Graphing Color


Graphing color can help you identify colors more specifically and understand relationships between color better. One way to graph color is to use the Color Sampler Tool in Photoshop in combination with the Apple color picker.
To access the Apple color picker choose Photoshop: General Preferences and change Color Picker from Adobe to Apple and click OK. To see the new the color picker click on Set Foreground Color or Set Background  Color icon in the Tool bar.
Unlike the Adobe color picker, the Apple color picker is a color wheel. Creating and using color wheels to describe color and plot color relationships is a time honored tradition dating back to Leonardo DaVinci. Some of the most famous color wheels were created by Newton, Goethe, and Munsell.

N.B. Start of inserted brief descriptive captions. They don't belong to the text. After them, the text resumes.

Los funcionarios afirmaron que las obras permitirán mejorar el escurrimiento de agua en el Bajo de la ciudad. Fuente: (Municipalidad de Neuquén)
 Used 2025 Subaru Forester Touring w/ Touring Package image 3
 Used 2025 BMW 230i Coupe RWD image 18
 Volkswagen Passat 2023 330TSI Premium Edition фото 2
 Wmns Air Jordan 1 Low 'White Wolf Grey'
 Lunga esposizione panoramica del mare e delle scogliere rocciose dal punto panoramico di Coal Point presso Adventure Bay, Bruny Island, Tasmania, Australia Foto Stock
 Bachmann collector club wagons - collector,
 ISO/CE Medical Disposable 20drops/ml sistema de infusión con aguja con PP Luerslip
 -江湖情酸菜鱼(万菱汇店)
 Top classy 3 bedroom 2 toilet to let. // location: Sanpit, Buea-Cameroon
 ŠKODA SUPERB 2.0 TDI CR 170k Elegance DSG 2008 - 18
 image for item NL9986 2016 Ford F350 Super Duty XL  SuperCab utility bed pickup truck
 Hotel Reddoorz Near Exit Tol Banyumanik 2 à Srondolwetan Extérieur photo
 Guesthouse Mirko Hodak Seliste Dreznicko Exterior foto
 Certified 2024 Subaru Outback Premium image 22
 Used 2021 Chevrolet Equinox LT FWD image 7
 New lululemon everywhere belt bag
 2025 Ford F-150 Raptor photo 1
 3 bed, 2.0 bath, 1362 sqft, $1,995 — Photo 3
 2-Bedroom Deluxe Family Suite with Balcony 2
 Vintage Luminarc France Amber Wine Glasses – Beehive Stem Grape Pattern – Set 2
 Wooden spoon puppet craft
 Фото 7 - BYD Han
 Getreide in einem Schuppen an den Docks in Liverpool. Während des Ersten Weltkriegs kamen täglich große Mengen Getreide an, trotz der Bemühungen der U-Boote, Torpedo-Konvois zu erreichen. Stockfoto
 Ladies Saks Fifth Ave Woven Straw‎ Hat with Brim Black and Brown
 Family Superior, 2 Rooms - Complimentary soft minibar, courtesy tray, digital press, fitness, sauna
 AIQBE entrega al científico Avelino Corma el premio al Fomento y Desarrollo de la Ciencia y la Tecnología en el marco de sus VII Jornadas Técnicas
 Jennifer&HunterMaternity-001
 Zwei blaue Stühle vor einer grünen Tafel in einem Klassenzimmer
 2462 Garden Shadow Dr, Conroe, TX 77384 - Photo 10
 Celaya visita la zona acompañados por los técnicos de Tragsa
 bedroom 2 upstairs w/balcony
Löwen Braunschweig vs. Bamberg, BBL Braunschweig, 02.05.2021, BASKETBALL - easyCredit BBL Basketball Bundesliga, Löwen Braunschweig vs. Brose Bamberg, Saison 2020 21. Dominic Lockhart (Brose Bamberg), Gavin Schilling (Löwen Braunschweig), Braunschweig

The Apple color picker is an additive color wheel where complements are defined as red and cyan, green and magenta, and blue and yellow.
You can sample any color in an image and find its position on the Apple color wheel.  Using the Eyedropper Tool, sample a color in a composition. Then click on the Set Foreground Color icon. The Apple color wheel will appear and a small circle will plot the sampled color. You can make a record of this chart by taking a screenshot of the color wheel (caps lock, Shift, Command, 4). This will create a PDF document on your desktop, which can be opened in Photoshop.
You can combine multiple sample points into a single chart by taking multiple screenshots, opening them in Photoshop, and combining them. Drag the Background layer from one document into another and give it a meaningful title.  Make sure the two layers are registered with one another. Then, mask off everything on the top layer except the circle identifying the color on the color wheel, the triangle identifying it’s luminosity on the slider to the right of the color wheel, and a portion of the color bar above the color wheel. You’ve just graphed the two colors on the Apple color wheel. You can do this with as many colors as you desire.
Once colors have been graphed you will be able to identify a variety of relationships between colors, both colors that exist in a composition and colors that do not.